> Try it:
Without the pictures, write the listing below out again, line for line.

——

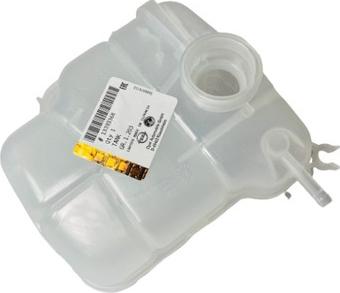 Opel 1304 028 - Expansion Tank, coolant autospares.lv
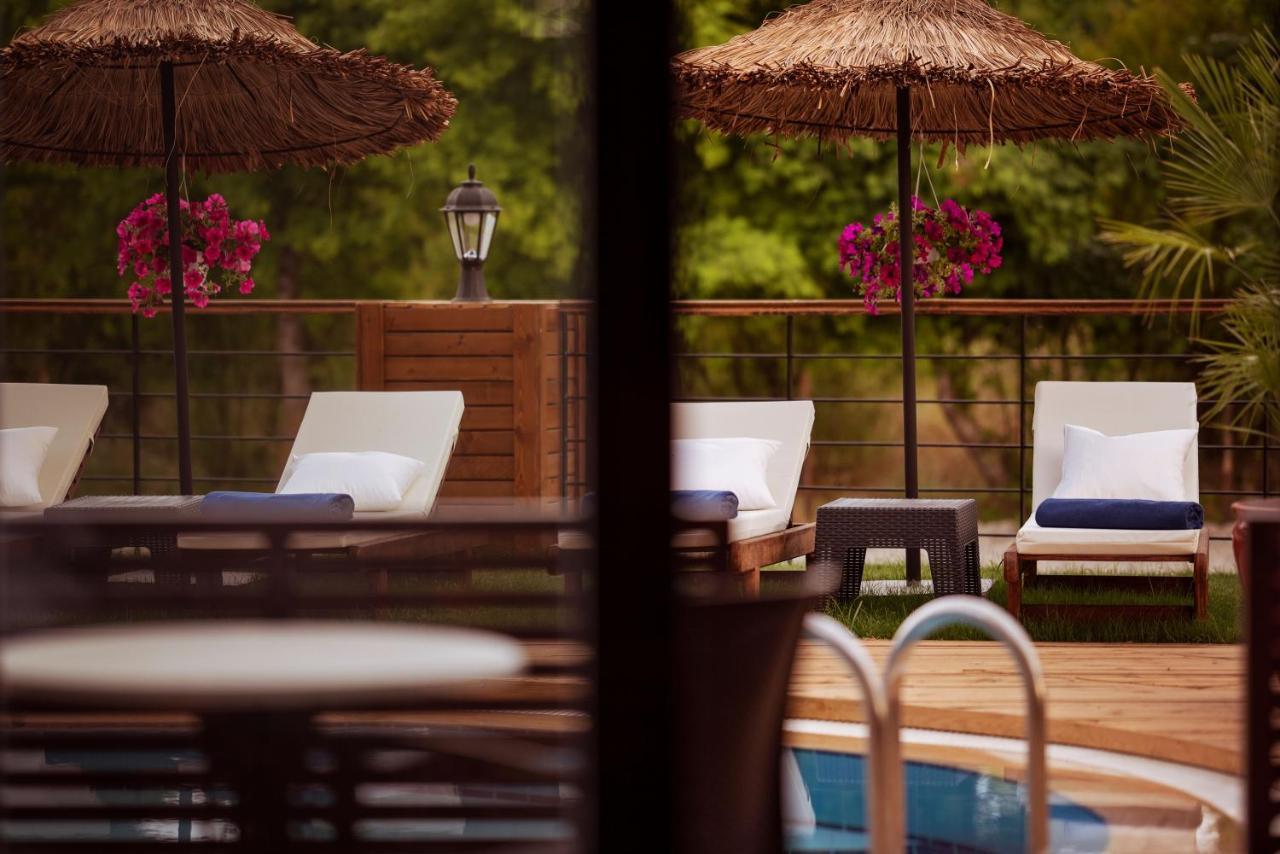 Arwen Hotel Fethiye Ngoại thất bức ảnh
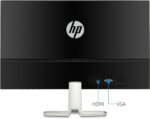 HP 24f Display Monitor - 24" FHD IPS LED Display, HDMI, VGA - Image 4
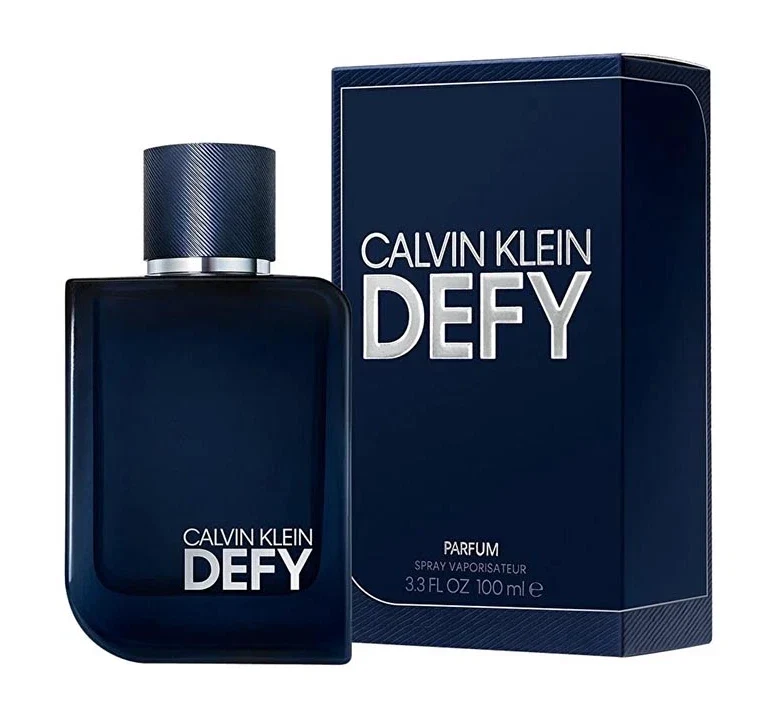 Defy For Man Parfum 3.3oz Spray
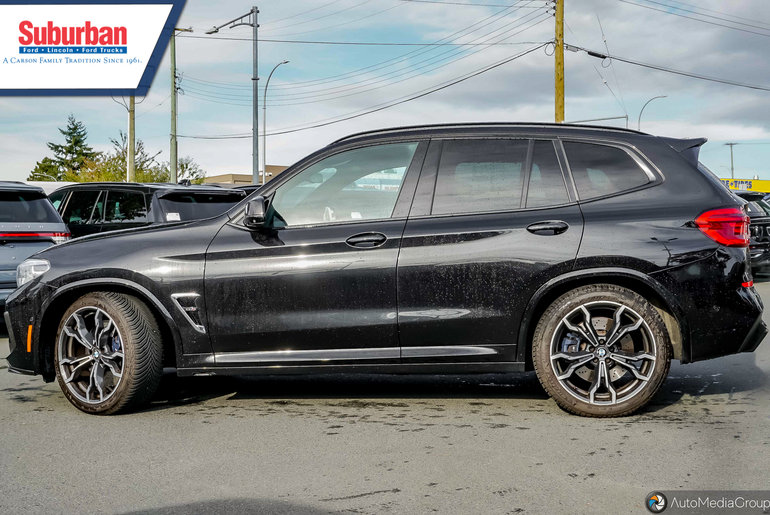 2020 BMW X3 M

——

> Task output:
 Opel 1304 028 - Expansion Tank, coolant autospares.lv
 Arwen Hotel Fethiye Ngoại thất bức ảnh
 HP 24f Display Monitor - 24" FHD IPS LED Display, HDMI, VGA - Image 4
 Defy For Man Parfum 3.3oz Spray
 2020 BMW X3 M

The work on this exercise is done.